DIRECTIONS FOR THIS TASK> Give back every line of the data exactly. Pictures are not part of the copy.

SUPPLIED DATA>
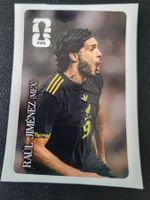 Panini - CocaCola Sticker CC8 (Raul Jimenez)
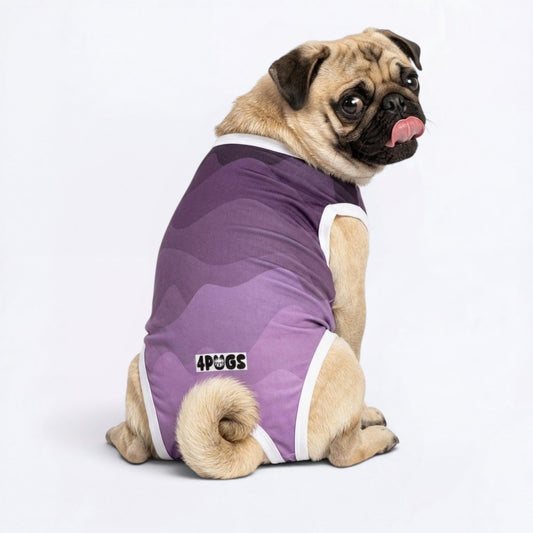 Kobe - Pug Surgery Recovery Suit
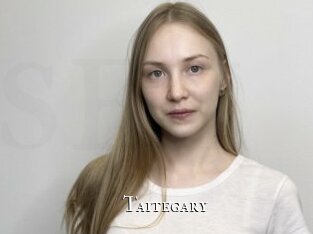 taitegary cams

COMPLETED EXERCISE>
 Panini - CocaCola Sticker CC8 (Raul Jimenez)
 Kobe - Pug Surgery Recovery Suit
 taitegary cams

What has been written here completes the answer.